叡福寺清子

DOGMAN ドッグマンの叡福寺清子のレビュー・感想・評価

DOGMAN ドッグマン(2023年製作の映画)
3.8
呼延灼が一番注目している俳優の一人,ケイレブ・ランドリー・ジョーンズの最新作となれば,たとえリュック・ベッソン監督作であっても視聴しない選択肢はございません.もっとも,リュック・ベッソン作だったとはエンド・クレジットで気付いたんですけどね.こんばんわ.三遊亭呼延灼です.
そのベッソン作.劇場での視聴は初めて.本作をもってヴァレリアンの惨劇は忘れてあげる事にしました.あれはカーラ・デルヴィーニュの無駄遣いと批判されてもしょうがない作品ですしお寿司.
で,本作.あれほど過酷の少年期を過ごしたにしては,人格者に育ったダグラスの生き様に呼延灼は落涙しそうになりました.愛を知らず,ただただ世界を憎むことしかなかった父親,その遺伝子を色濃く受け継いだ兄.その二人によって犬舎に閉じ込められたダグさん.元々犬好きだったダグさんが,その犬舎暮らしで犬との特別な絆を築き,片時も離れる事がなくなったのは当然の事.さらには父親が放った銃弾によって脊髄を損傷し下半身不随となってからは,犬と離れる生活は不可能となりました.そのわんこが鬼賢い.下手すりゃ私より賢い.代わりに高座上がってもらえませんかしらね.
ダグ自身は隠者というわけではなく,自分を受け入れる人とは交流ができる方.つまり,人を恨む事もないし,世を儚むような人物ではございませんでした.でなければ,あんなに楽しそうに,サルマさんとの演劇活動は行っていなかったでしょう.そのサルマさんの中の人,グレイス・パルマさん.本作が長編作品デビューってんで,驚いた呼延灼であります.世界は才能に満ちあふれているんでございます.

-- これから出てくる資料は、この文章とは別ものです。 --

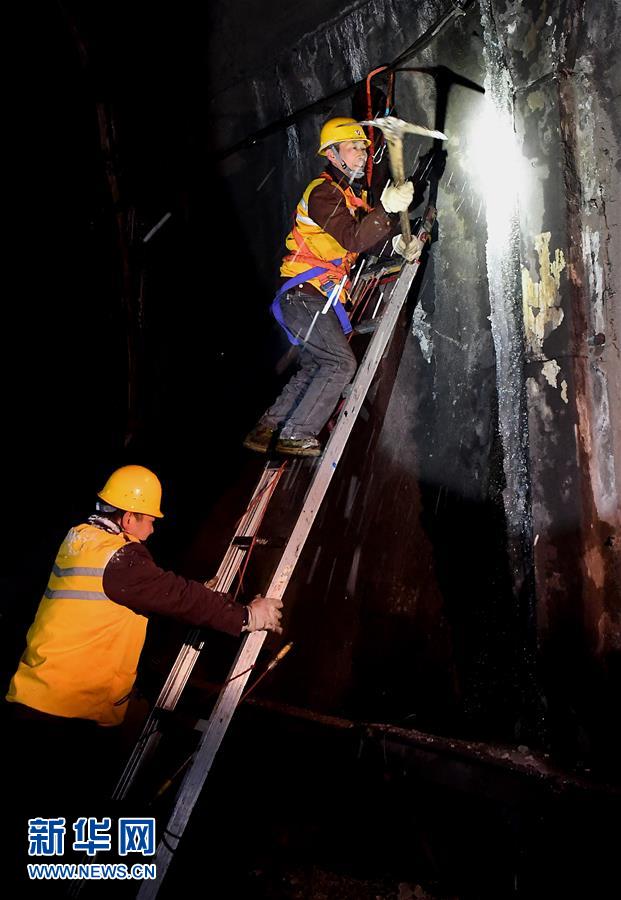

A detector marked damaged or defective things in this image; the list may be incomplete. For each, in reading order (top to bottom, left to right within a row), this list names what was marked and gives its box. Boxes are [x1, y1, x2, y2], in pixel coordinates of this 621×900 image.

ただ,本作をバイオレンス・アクションとかダグさんをダークヒーロー扱いする本邦の宣伝部はいかがなものなんでしょう.まぁ同じ犬映画の『ホワイト・ゴッド』に「この争いを止めるのは,少女の愛と勇気」なんてチャッチコピー付けちゃうくらいですからね.その『ホワイト・ゴッド』のポスターの絵柄,さらにはダグの最期が「フランダースの犬」と重なるのは,なんかの啓示か何かかしら.

なお,犬は無事です.ご安心ください.あと「犬の唯一の欠点,それは人間への忠誠心」は24年オレデミー名台詞賞にノミネートされました.